The story alternates every few chapters from the six months that Elsie and Ben were dating to Elsie dealing with the grief of Ben’s death. At times her grief is so overpowering that it leaves you in tears – okay, more than half of the time…I cried a lot while reading this. Why read it then? Because, simply put, it is amazing; I honestly could not put it down. For all of the sad points of Elsie’s grieving it really is worth it…an unconventional love story of sorts. At one side you have Elsie and Ben. You get to watch their love story unfold – see their chance meeting over takeout pizza one rainy night, their first date where Ben caught Elsie trying to break into her house, how they were moved in together and married after only six months of knowing each other. Then you have Elsie and Susan. At first Susan seems mean and unreasonable (understandably), but she has more in common with Elsie than either of them realize. She also is one of my favorite characters; she is stronger than she knows. It’s a shame that it took Ben dying for them to meet (his reasons are valid…sort of), but something tells me that was the way it was supposed to be. Elsie needed a mother figure in her life, someone to love her having not been close to her parents, and Susan needed to be needed since both her husband and son were no longer alive.

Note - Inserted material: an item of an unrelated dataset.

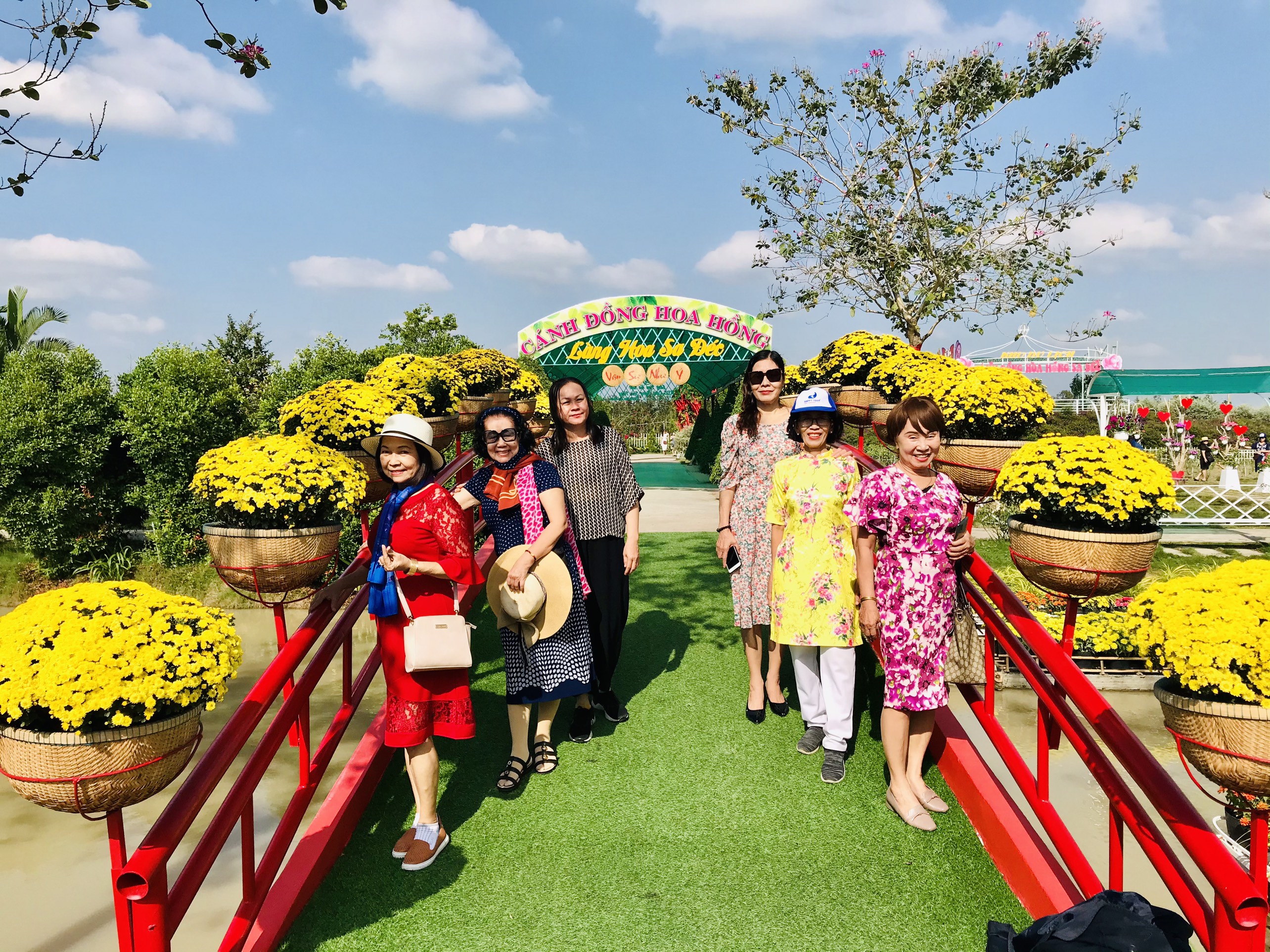 TOUR LÀNG HOA SA ĐÉC - VƯỜN QUÍT HỒNG LAI VUNG - CHÙA PHẬT NGỌC XÁ LỢI - 1 NGÀY - HAPPY TOUR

I really loved Forever Interrupted, and there’s a good chance that I pick it up again soon. Perhaps the second time around I will cry a little less, then again, perhaps not. I leave you with a quote (because I love quotes). It is from a conversation between Elsie and Susan. Elsie had just gotten home from jail for punching someone at work. Her friend Ana had called Susan and brought Elsie home. Susan got there and Elsie started crying and fell apart, and this was Susan’s advice, right before she suggested that Elsie come spend time at her house to grieve. I thought it was very powerful…and it still brings me to tears reading it.
“…you have to find a way to remember him and forget him. You have to find a way to keep him in your heart and in your memories but do something else with your life. Your life cannot be about my son. It can’t.”